42 The Dacite Flow of Llao Rock

The Geology of Crater Lake National Park, Oregon With a reconnaissance of the Cascade Range southward to Mount Shasta by Howell Williams

The Northern Arc of Vents

 

The Dacite Flow of Llao Rock

The thickest sheet of lava on the walls of Crater Lake forms the imposing cliff known as Llao Rock. In striking contrast with the underlying flows of andesite, which are between 20 and 100 feet thick, the dacite of Llao Rock reaches a maximum thickness of no less than 1200 feet. It was erupted into a hummocky glacial valley, approximately U-shaped in cross section, about 1/2 mile wide and from 500 to 600 feet deep. Not only did the dacite fill this valley, but it accumulated as a broad, domical pile above it and spread across the valley rims. Naturally, where the lava overflowed the valley the thickness was much less than over the center. On the west bank, the thickness is at most 400 feet; on the opposite bank, it is only about half as much. The total width of the flow is slightly more than 1 1/4 miles, and its volume approximates 1/4 cubic mile.

Though the flow is exceptionally thick, it spread little more than a mile beyond the rim of the caldera. This was partly because the slope of the glacial valley was gentle, but mainly because of the highly viscous nature of the flow.

Source of the flow. Beneath the lowest part of the Llao dacite on the caldera wall are two thin dikes. Neither dike can be seen to connect with the lava, and it seems unlikely that, being only 5 and 7 feet thick respectively, they could have served to erupt 1/4 cubic mile of viscous dacite. For this reason, some have suggested that the lava was erupted from a vent higher up the slopes of Mount Mazama. This theory, however, is also untenable.
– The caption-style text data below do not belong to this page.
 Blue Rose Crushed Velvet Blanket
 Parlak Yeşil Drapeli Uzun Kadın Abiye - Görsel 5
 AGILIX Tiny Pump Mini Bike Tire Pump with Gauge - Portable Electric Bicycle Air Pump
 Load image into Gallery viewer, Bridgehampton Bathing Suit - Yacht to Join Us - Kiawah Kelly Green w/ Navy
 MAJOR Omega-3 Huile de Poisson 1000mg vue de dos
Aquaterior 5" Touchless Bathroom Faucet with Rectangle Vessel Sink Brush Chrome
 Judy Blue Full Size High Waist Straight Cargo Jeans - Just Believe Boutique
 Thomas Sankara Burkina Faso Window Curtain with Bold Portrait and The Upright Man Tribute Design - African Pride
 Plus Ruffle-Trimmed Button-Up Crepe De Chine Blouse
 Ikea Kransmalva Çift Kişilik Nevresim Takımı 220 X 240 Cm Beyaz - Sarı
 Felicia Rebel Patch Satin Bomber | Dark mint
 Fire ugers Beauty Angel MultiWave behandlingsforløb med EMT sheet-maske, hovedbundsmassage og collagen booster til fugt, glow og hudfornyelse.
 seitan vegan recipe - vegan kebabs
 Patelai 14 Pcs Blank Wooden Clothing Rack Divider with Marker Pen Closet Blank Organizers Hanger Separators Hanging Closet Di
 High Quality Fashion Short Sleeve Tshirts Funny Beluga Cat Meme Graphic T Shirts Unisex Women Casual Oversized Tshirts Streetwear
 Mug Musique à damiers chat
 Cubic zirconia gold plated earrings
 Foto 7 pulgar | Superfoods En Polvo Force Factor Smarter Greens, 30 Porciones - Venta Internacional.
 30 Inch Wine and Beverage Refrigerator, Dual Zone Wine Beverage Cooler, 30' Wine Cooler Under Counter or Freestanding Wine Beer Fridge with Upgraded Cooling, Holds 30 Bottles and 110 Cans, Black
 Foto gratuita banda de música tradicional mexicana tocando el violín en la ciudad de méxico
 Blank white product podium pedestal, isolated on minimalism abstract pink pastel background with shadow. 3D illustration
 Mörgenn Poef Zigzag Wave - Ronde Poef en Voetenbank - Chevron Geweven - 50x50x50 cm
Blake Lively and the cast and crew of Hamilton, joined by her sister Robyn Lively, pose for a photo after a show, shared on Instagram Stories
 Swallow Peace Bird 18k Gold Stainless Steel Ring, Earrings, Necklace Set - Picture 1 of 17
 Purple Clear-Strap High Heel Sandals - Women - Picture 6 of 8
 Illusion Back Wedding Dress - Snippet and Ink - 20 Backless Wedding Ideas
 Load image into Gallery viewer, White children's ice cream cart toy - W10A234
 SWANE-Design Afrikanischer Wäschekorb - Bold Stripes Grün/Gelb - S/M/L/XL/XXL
Only by scrambling up the cliffs to the base of Llao Rock can the true relations be observed. There is then no doubt that the buttress which projects lakeward at the bottom of the cliffs represents the actual filling of the conduit. In other words, the Llao lava escaped from a vertical-sided vent on the bottom of a glacial valley, several thousand feet below the former summit of Mount Mazama. The photograph (plate 12, figure I) and the section (figure 10) show the projecting buttress and feeder in relation to the main body of the flow.